I believe in demons.

I believe in angels. I believe in witchdoctors, voices, and the Canaanite god Moloch. I believe in the Scientific Method. I believe in Satan. I believe in total depravity. I believe in common sense and the power of prayer. I believe this because I am a Christian. I believe this because as a child raised in the shadows of volcanoes tilting over Guatemala City, in a culture that syncretized Catholic saints with Mayan gods, I had no reason to believe otherwise.

I believe in supernatural horror as much as I believe in the reliability of my Merrell shoes.

But what I believe is not the same thing as what I like or do not like.

Halloween's Michael Myers scared the author in 1978

Halloween's Michael Myers scared the author in 1978

What I do not like is watching horror films at night—or the day—or at any other time.
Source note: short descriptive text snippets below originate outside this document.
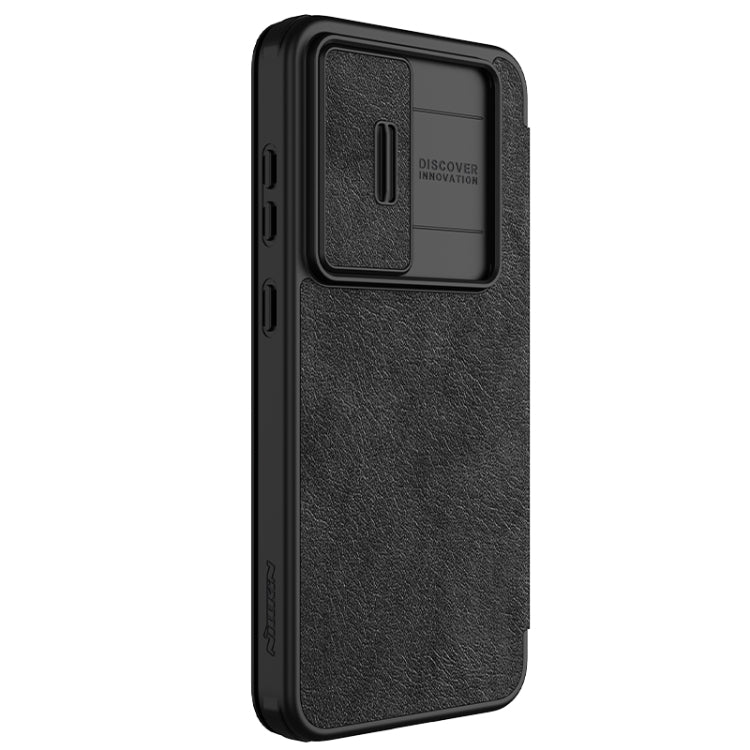 For Samsung Galaxy S24 FE 5G NILLKIN QIN Series Pro Sliding Camera Cover Design Leather Phone Case(Black)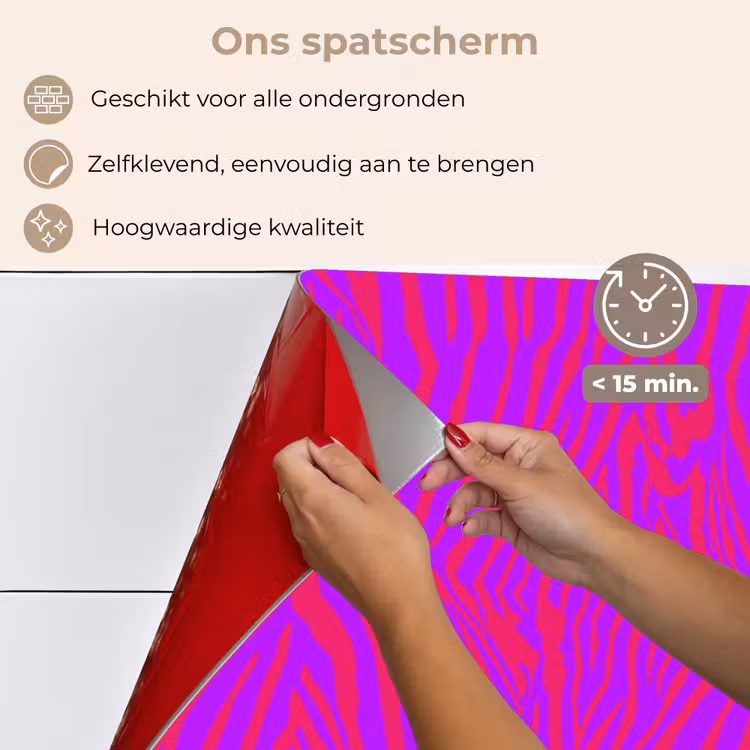 Zebra - Neon - Roze - Paars keuken achterwand spatscherm klein 900 -spatscherm_NL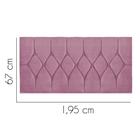 Painel Estofada Istambul Capitonê 195 cm King Size Quarto para Cama Box Suede Rosa Bebê - KDAcanto Móveis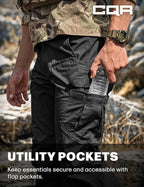 CQR Men's Tactical Pants, Water Resistant Ripstop Cargo Pants, Lightweight EDC Work Hiking Pants, Outdoor Apparel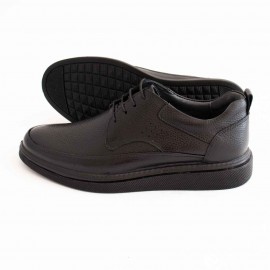 کفش چرم طبیعی مردانه راحتی مدل الوند مشکی بنددار alvand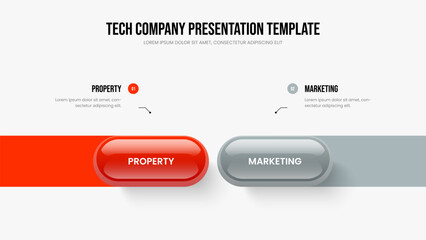 Corporate Development Two Option Infographic Presentation Template. Modern Visualization 2 Step Diagram Slide Design. Sales Showcase Frame Layout Vector Illustration.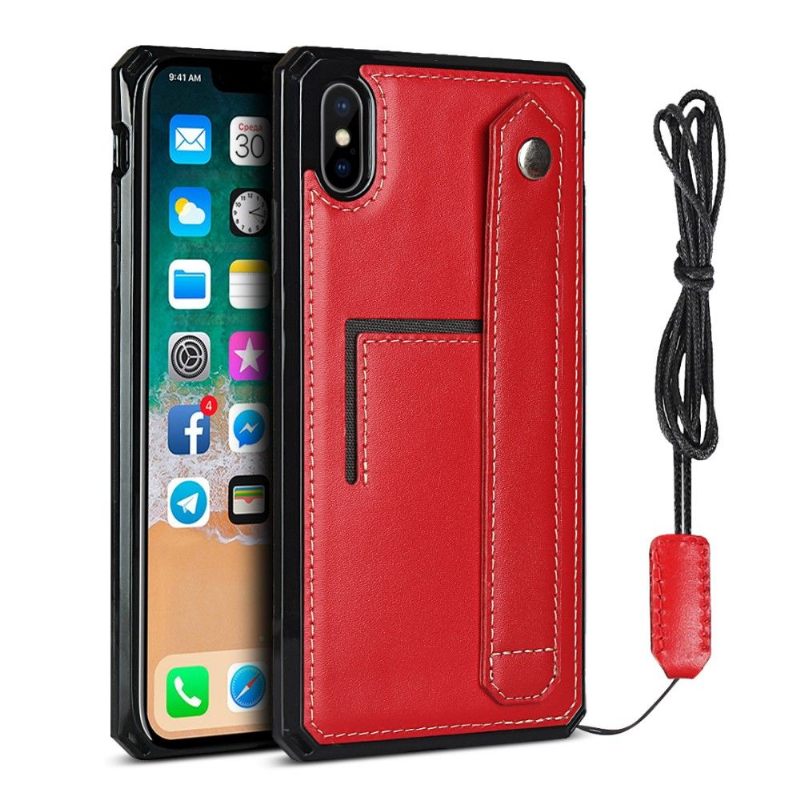 Telefoonhoesje voor iPhone X / XS Leren Kaarthouder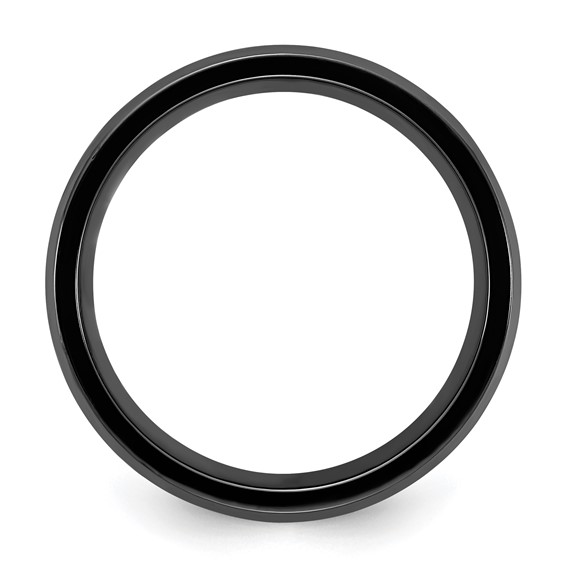 Chisel Black Zirconium Polished 8mm Band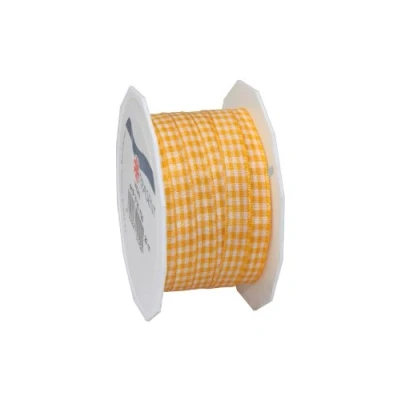 Afbeelding van PRÄSENT Vichy Cadeaulint, zonnegeel/wit, 20 m decoratielint om te versieren en knutselen, 10 mm breed, geruit lint voor kleurrijke decoraties geschenkverpakkingen, feestelijke gelegenheden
Not Se7en. Not The Ring. Not Poltergeist—at all. I just can't. I tried watching Halloween in high school and I almost died of fright. I couldn't handle the images. I took them too literally. How could I not? People I knew as a child had been harassed by honest-to-God demons. Of two things I was certain in my youth: 1) I did not like horror movies, and 2) Christians did not watch horror movies, not for stylistic reasons but for the theological conviction that we should not. It was verboten.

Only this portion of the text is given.